Some graduated from college smack in the middle of the pandemic. Now, they’re dealing with the highest inflation in 40 years and volatile markets. So, how are Gen Zers approaching their financial lives?

Some go clubbing. Investment clubbing, that is. Over Memorial Day weekend, 25-year-old Guy DeWeever II invited some friends over to his house in Dumfries, Virginia. They’re all part of an investing group of young Black professionals. DeWeever graduated from college at the beginning of the pandemic. The job he’d lined up?

“That offer got — they didn’t say ‘rescinded,’ but they said ‘postponed, indefinitely,’” DeWeever explained.

DeWeever ended up going to grad school and is about to start work at a consulting company. But he knows he needs a nest egg. “I am planning on investing more than 50% of my income,” he said.

DeWeever’s friend, 23-year-old Emanuel Perez, estimates he lost about 40% of his nest egg to the cryptocurrency plunge. He’s going to rein in his risk and try for a cushion of old-fashioned dollars. Perez said he grew up just above the poverty line in the Virginia Beach/Hampton Roads area. He sold homemade fidget spinners in fourth grade and Smarties candy in seventh grade.

“I bought Smarties and saw that kids were crushing it up and inhaling it,” Perez said with a wry laugh. “It was in limited supply, and I saw a demand for it, and I just met that business need.”

Perez said that’s still his mindset. Same with his friend Leah Smith, who’s joined the group on Zoom from Arizona. Smith is 22, and she said people close to her have died from COVID-19: her pastor, her former babysitter.

“I lost a lot of people along the way, and they had bigger dreams than mine.

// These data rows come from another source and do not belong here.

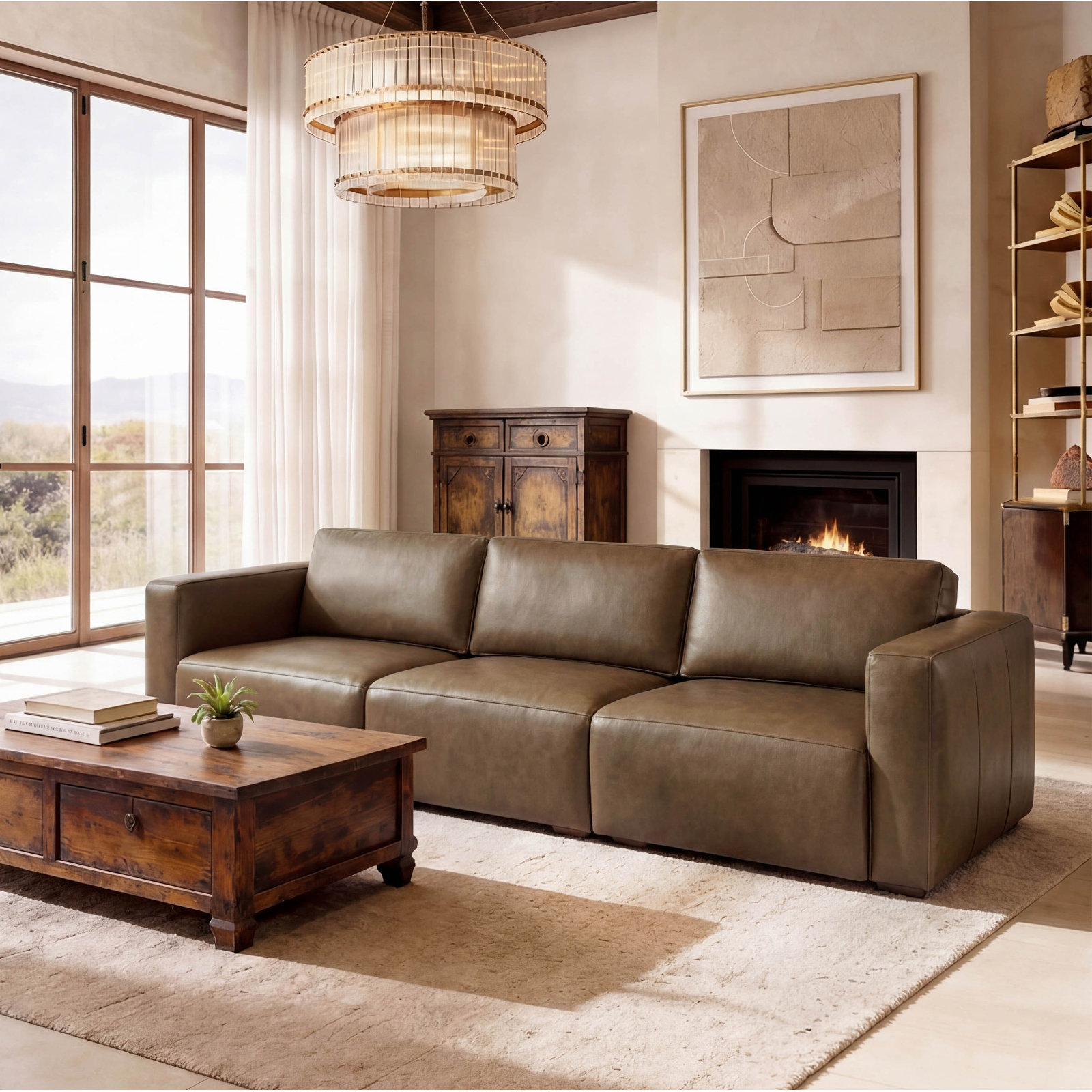 Aleksandra 91" 3 - Piece Genuine Leather Modular Sofa , Truffle Genuine Leather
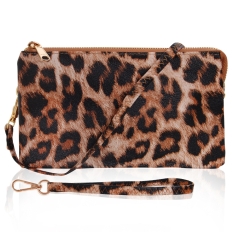 Large Wristlet with Included Cross Body Strap - Leopard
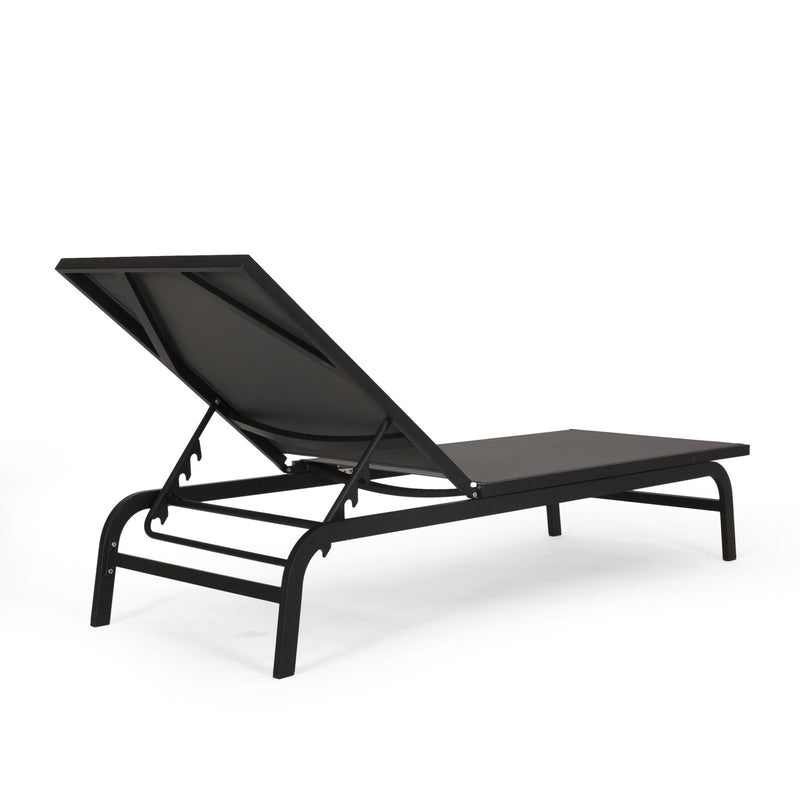 Noble House Finn outdoor chaise lounge with modern design, featuring a sleek frame and comfortable cushions for outdoor relaxation.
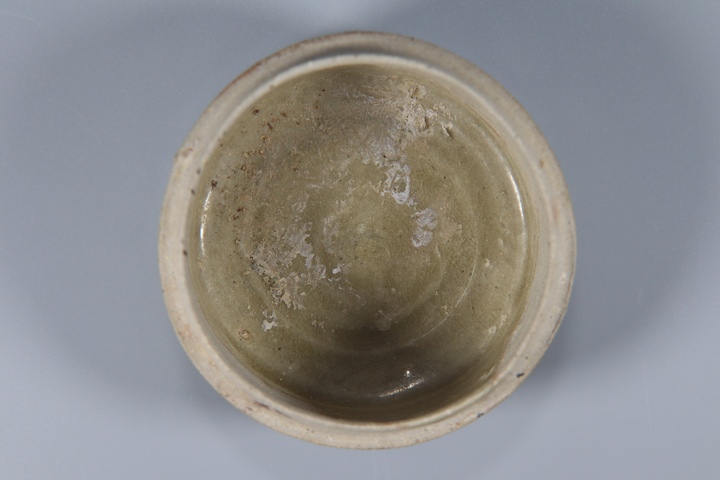古玩陶瓷長沙窯青釉粉盒真品鑒賞圖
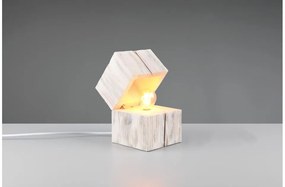 Επιτραπέζιο Φωτιστικό 1xE14 LED 2W Φυσικό Ξύλο Κύβος Treasure Trio Lighting-514110101-Λευκό 514110101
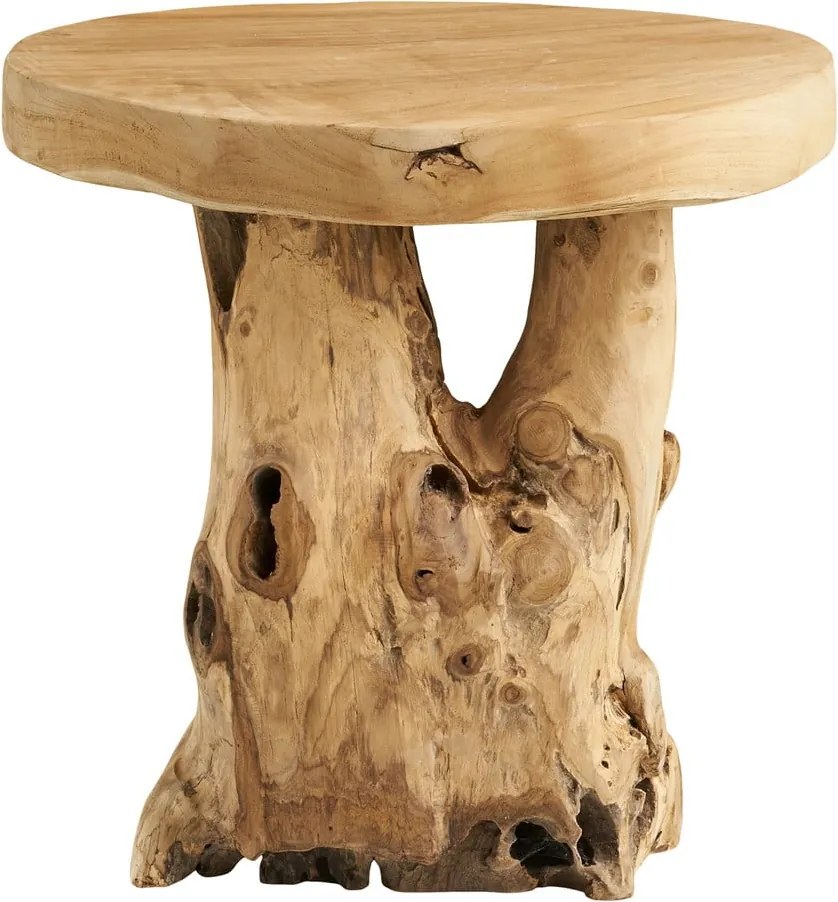 Măsuță auxiliară rotundă din lemn de tec ø 40 cm Palena – House Nordic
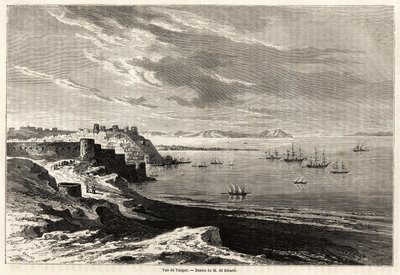 Ansicht von Tanger (Marokko), Zeichnung von Evremond de Berard (1824-1881), zur Illustration der Reiseberichte von M.F. Schickler nach Marokko. Gravur in „Le tour du monde, nouveau journal des voyages“ Paris von Evremond de (after) Berard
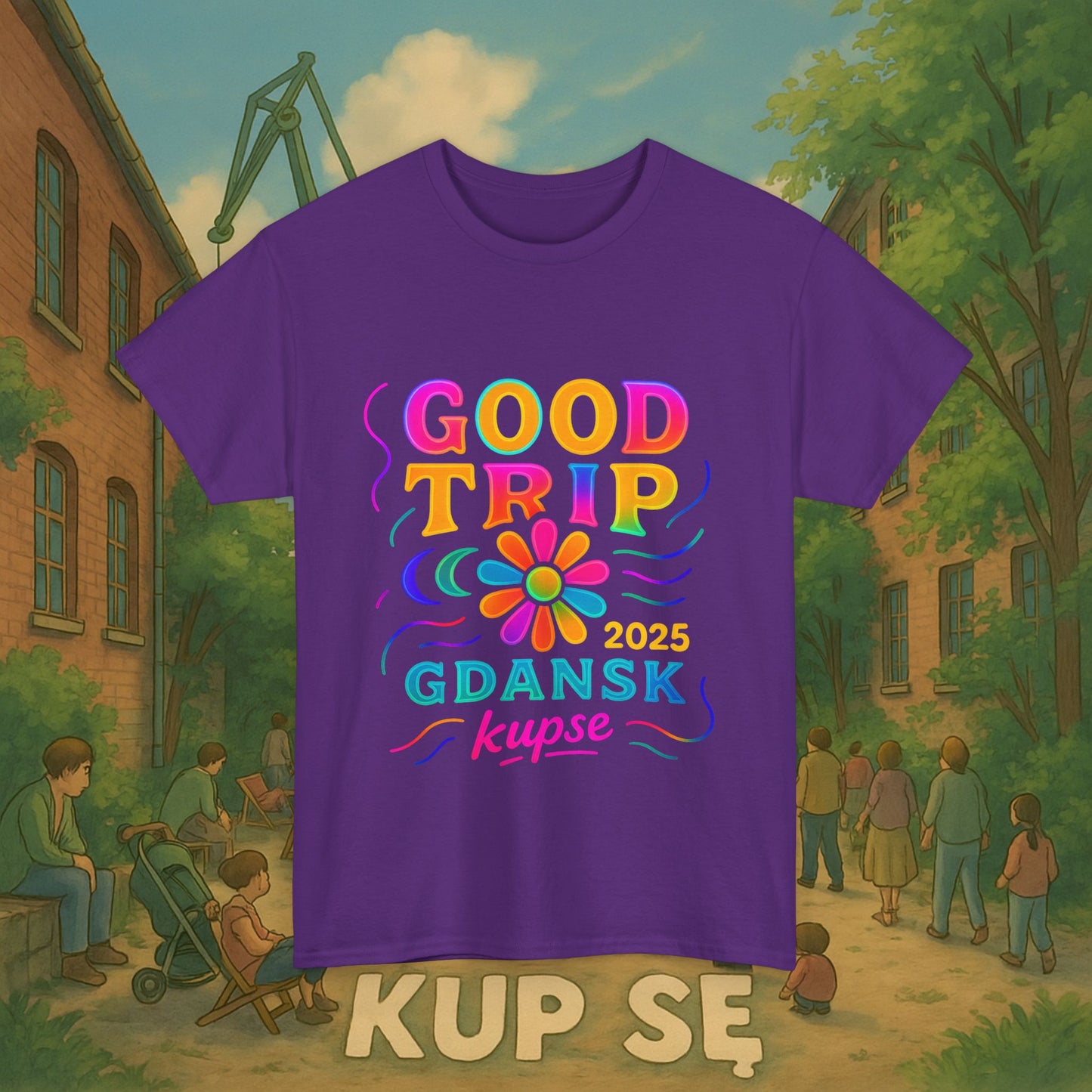 KupSe Good Trip Gdansk Style t-shirt - Unisex Heavy Cotton Tee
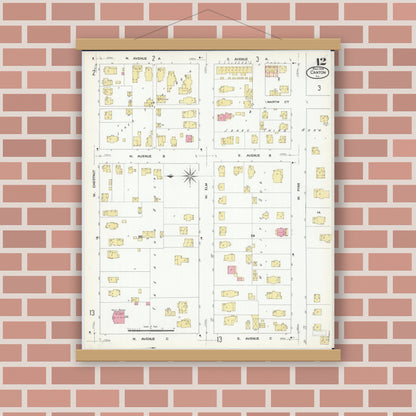 Old map wall art mockup — magnetic wood frame on brick wall — Sanborn Fire Insurance Map from Canton, Fulton County, Illinois (1909), Sheet #0012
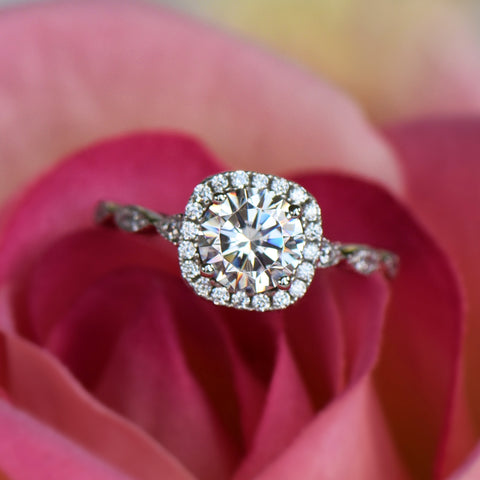 3/4 ctw Square Halo Ring - 10k Solid White Gold, 30% Final Sale, Sz 5
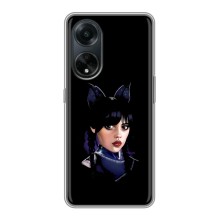 Чехлы Венсдей на Oppo A98 Уэнсдей (AlphaPrint) (серьезная Уэнздей)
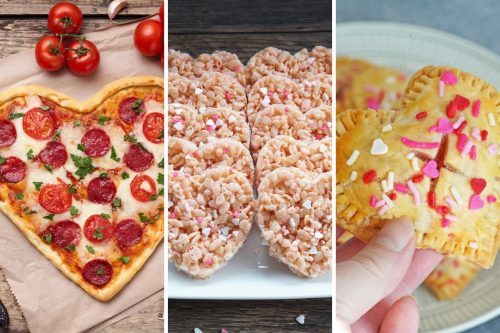 heart shaped pizza, pink rice krispies treats, and heart hand pies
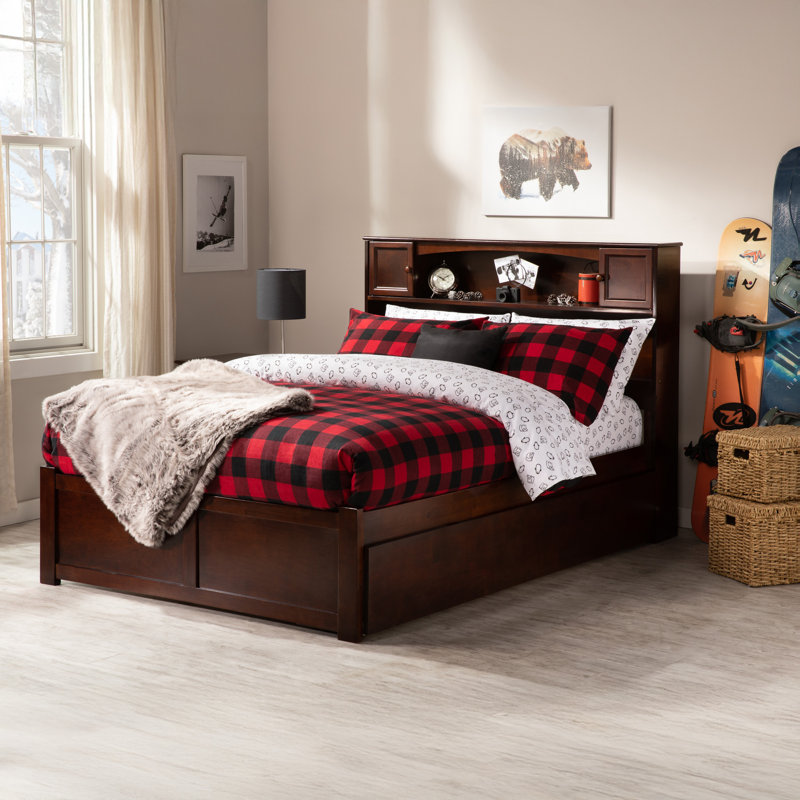 Bouldin Solid Wood Platform Bed with Panel Footboard & Trundle, Walnut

And I felt like, in a way, I just wanted to live out what they could have done for themselves,” she explained.

Smith’s drive impresses Ionnie McNeill, who teaches a summer program on investing for Gen Zers. McNeill herself is 34 — a millennial. She said her generation had an easier time and compares Gen Z to people who came of age during World War II.

“I’m starting to see those same qualities and traits in Gen Zers because of when they were born, the experiences that they’re having to encounter,” she said.

Older Gen Zers remember the 2008 financial crisis. Twenty-three-year-old Jim Zieleman is a data scientist in Gainesville, Virginia, and is about to start a new job that pays six figures. But he never feels financially secure because of what he saw growing up.

“I remember my dad, he would come home and he was like, ‘Oh — I got laid off today.’ And then he just sat around for, like, a year applying for jobs.”

Zieleman’s parents had savings. But some of his friend’s parents didn’t and lost their homes to foreclosure. Zielman said he’ll buy a home when he’s saved up enough to pay entirely in cash. He hates debt. 

That’s no surprise to Kristi Rodriguez, who heads the Nationwide Retirement Institute. Their recent survey found that other Gen Zers say they’re putting off big purchases like houses or cars because of inflation. And, Rodriguez said, around 15% of the Gen Zers they talked to are reducing contributions to their 401(k) retirement plans.

“But when you impact your retirement savings, that could potentially, you know, determine how long you work, determine the lifestyle that you want to live,” she said.

That’s been a theme at the investment club meeting at Guy DeWeever’s house. DeWeever’s friend Tobi Plumpter tells the group he had been contributing 10% of his salary to his 401(k) but cut it to 6% because of the cost of living.

“When I started realizing that — ‘Hey, where is my paycheck going?’ I realized that maybe I’m over-allocating my investments. Let me lower my investments into my 401(k) down a bit,” he told the group.

He’s also rethinking plans to buy a new car.